The challenge in California is LLCs and entities that have elected to be taxed as an S corporation are treated differently when calculating the California annual franchise tax. A California entity that has elected to be taxed as an S corporation must pay 1.5% of the net income of the business as its annual franchise tax; a California LLC’s annual franchise tax is based on the company’s gross receipts.

This distinction can be crucial depending on the revenue of the business. In particular, if a business uses a lot of inventory but has relatively small margins, it can be more tax advantages for the business to elect to be taxed as an S corporation rather than as an LLC. For example, if a car dealership has a net income of $150,000, but gross sales of $1,100,000, if it elects to be taxed as an S corporation it would owe $1,500 in California franchise taxes. However, if it were a standard LLC, it would owe $6,500 in California annual franchise tax. 

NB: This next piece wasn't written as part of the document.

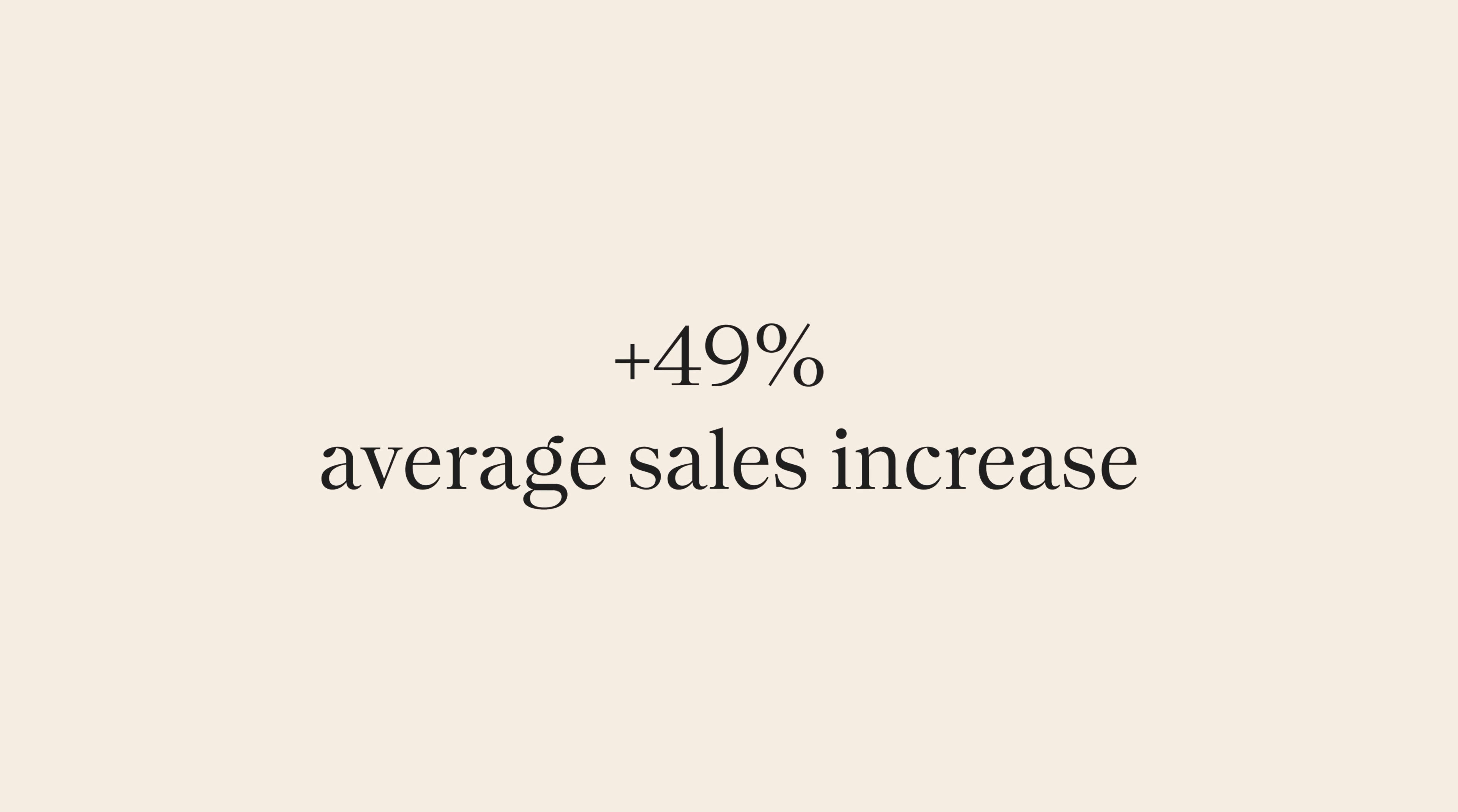Brands using the widget typically see a 49% sales boost. Adding the FAIR Direct widget is a one-time setup and it only takes a few minutes to add.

It’s always important to consult a tax professional when determining which legal entity to select for your business because, as the example above illustrates, you might owe varying amounts of taxes depending on which you select.

Other Considerations

In talking to clients we’ve found that some have really enjoyed a marketing bump by forming a legal entity. For example, if a prospective customer receives a proposal from ABC Inc., they might reasonably assume that it was produced by a shop of 5-10 people, even if it’s really one owner and occasional contractors supporting the business. In contrast, if a customer receives the same proposal from just ABC with no “LLC” or “Inc.” at the end, they might not view the business as a “real business.” Instead, they may assume it is a mom-and-pop shop or a fly by night operation that is not worth paying fair market rates.

Additionally, it should be noted that for liability protection to remain intact, it is important to follow corporate formalities when maintaining your entity. This means ensuring you always sign contracts on behalf of the company, and not in your individual capacity. It’s also crucial that you file your annual franchise taxes on time and that you send in forms such as the Statement of Information when they are due. This helps to ensure no one can claim “Well, Bob wasn’t really operating as an LLC and so we’d ask the court to not provide Bob with limited liability.”

As a sole proprietor there are a lot of factors to consider, and you’re strongly advised to seek out the opinion of a legal and tax professional before acting. Crafting a strategic plan for where you are heading is key to understanding if you’re exposing yourself to unnecessary liability, and if you’re missing out on an opportunity to best set yourself up for success down the line.

Disclaimer: This article discusses general legal issues and developments. Such materials are for informational purposes only and may not reflect the most current law in your jurisdiction. These informational materials are not intended, and should not be taken, as legal advice on any particular set of facts or circumstances. No reader should act or refrain from acting on the basis of any information presented herein without seeking the advice of counsel in the relevant jurisdiction.  Bend Law Group, PC expressly disclaims all liability in respect of any actions taken or not taken based on any contents of this article.